Militares destinados en Ceuta han trasladado su malestar por la situación que están viviendo desde el pasado 30 de julio, después de la cancelación de permisos y del incremento de la actividad derivado de los rumores sobre otra entrada masiva desde Marruecos el 15 de agosto.
Según la denuncia difundida, algunos militares aseguran estar realizando jornadas prolongadas desde el inicio de la crisis y señalan que, como compensación, se les habría trasladado de palabra la gratificación de entre 200 y 250 euros por servicios extraordinarios y dos días de descanso.
La denuncia subraya que estas condiciones no estarían recogidas por escrito y reclama que el Ministerio de Defensa concrete oficialmente cómo se van a contabilizar y compensar los servicios extraordinarios realizados durante este periodo.

Reclaman conocer cómo se computarán las horas
El escrito difundido hace referencia a la jornada semanal de 37,5 horas, así como al régimen de retribuciones aplicable al personal militar. En concreto, se cita el Real Decreto 1314/2005, que regula el Reglamento de retribuciones del personal de las Fuerzas Armadas.
Según la denuncia, la gratificación correspondiente a los servicios extraordinarios no puede establecerse mediante una cuantía fija, por lo que cuestionan que pueda determinarse una cantidad igual para todos los militares con independencia del número de horas extraordinarias realizadas.
Por este motivo, reclaman a Defensa que publique los criterios que se aplicarán para calcular las compensaciones, incluyendo las horas computadas, las cuantías económicas correspondientes y los descansos compensatorios.
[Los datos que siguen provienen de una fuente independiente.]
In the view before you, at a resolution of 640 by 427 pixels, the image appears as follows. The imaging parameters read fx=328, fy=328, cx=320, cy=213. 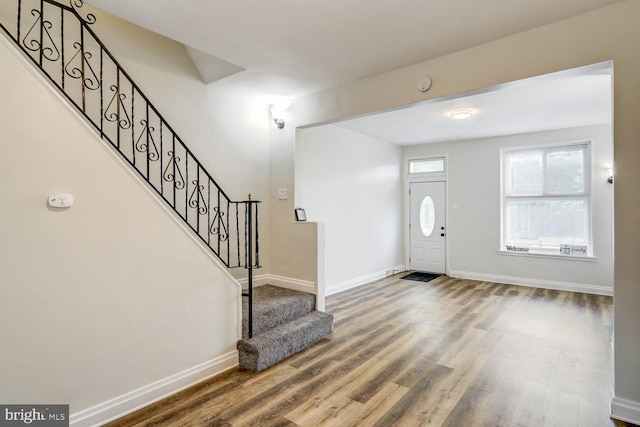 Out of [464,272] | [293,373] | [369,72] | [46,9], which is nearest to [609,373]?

Piden aclaraciones sobre las vacaciones interrumpidas
La situación afecta igualmente a aquellos militares que habían organizado sus vacaciones y que, debido a la cancelación de permisos, han tenido que interrumpir o modificar sus planes.
En este sentido, la denuncia reclama que se concrete qué ocurrirá con los gastos derivados de vuelos, hoteles u otras reservas que hayan podido perderse como consecuencia de la interrupción de las vacaciones.
Los militares que han trasladado estas reclamaciones consideran necesario que todas las condiciones queden formalmente establecidas y comunicadas, evitando que las compensaciones dependan únicamente de palabras.
La petición se resume en una reclamación de transparencia y garantías para el personal desplegado en Ceuta, especialmente ante una situación que ha supuesto un incremento de la actividad y la disponibilidad de los efectivos.
La denuncia concluye con una idea clara: “Sin papel no hay derecho: hay promesa”, y reclama que Defensa concrete por escrito las condiciones aplicables a los militares afectados.